Abidjan, 25 août 2025 (AIP) – L’ONU alerte sur la famine à Gaza, où 500 000 Palestiniens se trouvent en état de santé critique en raison du blocage de l’aide alimentaire par Israël, et rappelle le respect du droit international humanitaire.
L’agence de l’ONU pour les réfugiés palestiniens (UNRWA) dispose pourtant de stocks suffisants pour 6 000 camions d’aide, mais Israël n’autorise qu’un nombre limité de livraisons quotidiennes. Selon le Hamas, 281 personnes, dont 114 enfants, sont mortes de faim depuis le début du conflit.
Près d’un demi-million de Palestiniens souffrent de malnutrition sévère, conséquence directe du blocage systématique de l’aide humanitaire par Israël, selon les Nations Unies.
Pour le secrétaire général de l’ONU, António Guterres, il s’agit d’une catastrophe d’origine humaine et d’« un échec pour l’humanité ».
« La famine n’est pas une question de nourriture ; c’est l’effondrement délibéré des systèmes nécessaires à la survie humaine », a-t-il déclaré, rappelant qu’Israël, en tant que puissance occupante, a l’obligation d’assurer l’approvisionnement en nourriture et en médicaments.

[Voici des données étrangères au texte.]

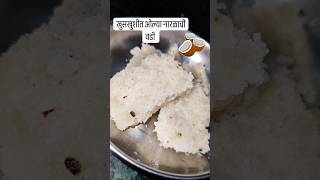 ओल्या नारळाची वडी  coconut reels shorts recipe food home easyrecipe [upl. by Aisset317]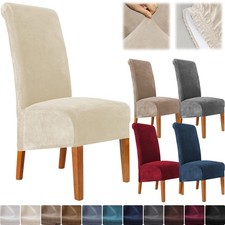 Stretch Dining Chair Covers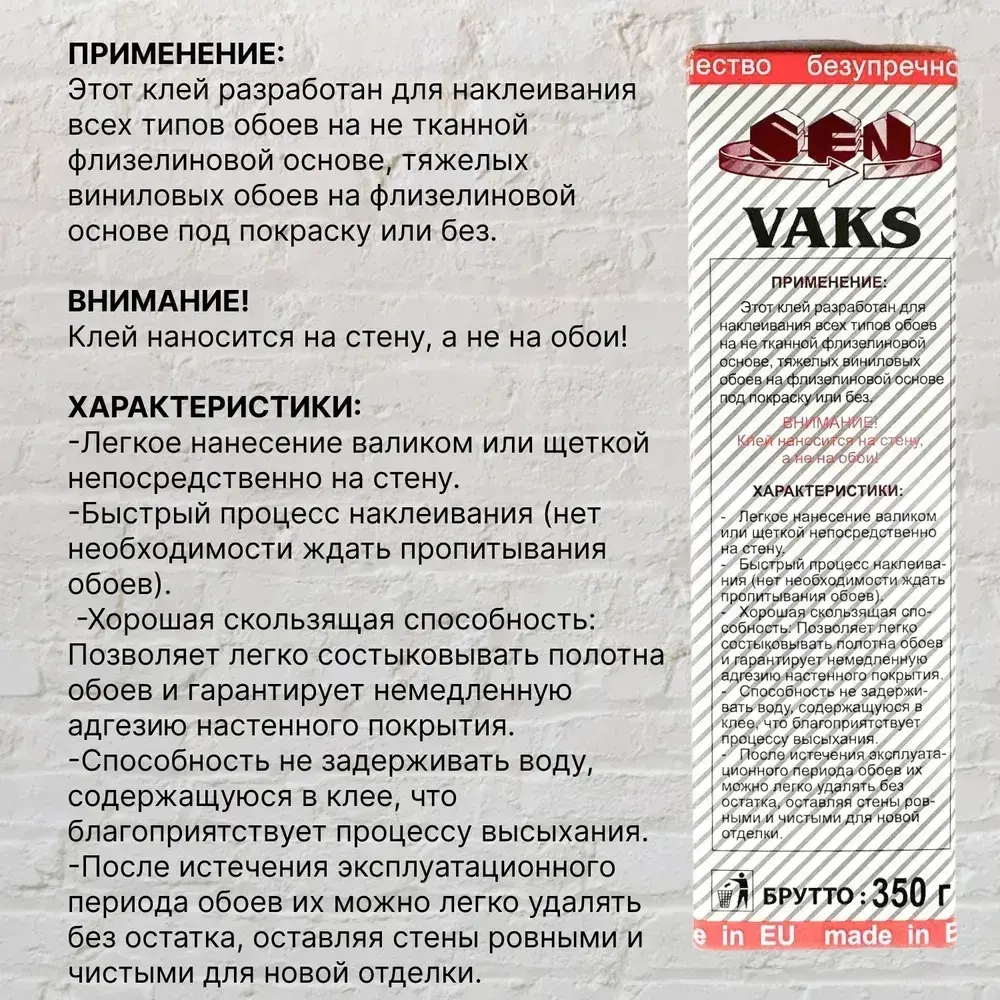 Клей для флизелиновых обоев VAKS с бактерицидными добавками. Арт. ВАКС обойный ультра, 350 г.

Les agences humanitaires alertent sur la progression rapide de la malnutrition, particulièrement chez les enfants. Plus de 12 000 enfants ont été identifiés en juillet comme souffrant de malnutrition aiguë, et le nombre de cas susceptibles de provoquer des décès pourrait atteindre 43 400 d’ici juin 2026.
L’UNICEF, l’OMS, le PAM et la FAO ont appelé à un cessez-le-feu immédiat pour permettre une réponse humanitaire efficace et protéger les populations vulnérables.
Le Haut-Commissaire des Nations Unies aux droits humains, Volker Türk, a rappelé que recourir à la famine comme méthode de guerre constitue un crime de guerre, et que les décès qui en résultent pourraient relever d’un crime d’homicide volontaire.
Selon les experts, d’ici fin septembre, plus de 640 000 personnes pourraient atteindre un niveau « catastrophique » de sécurité alimentaire dans l’ensemble de la bande de Gaza, alors que 98 % des terres cultivées sont détruites ou inaccessibles, compromettant toute production locale et aggravant la crise alimentaire.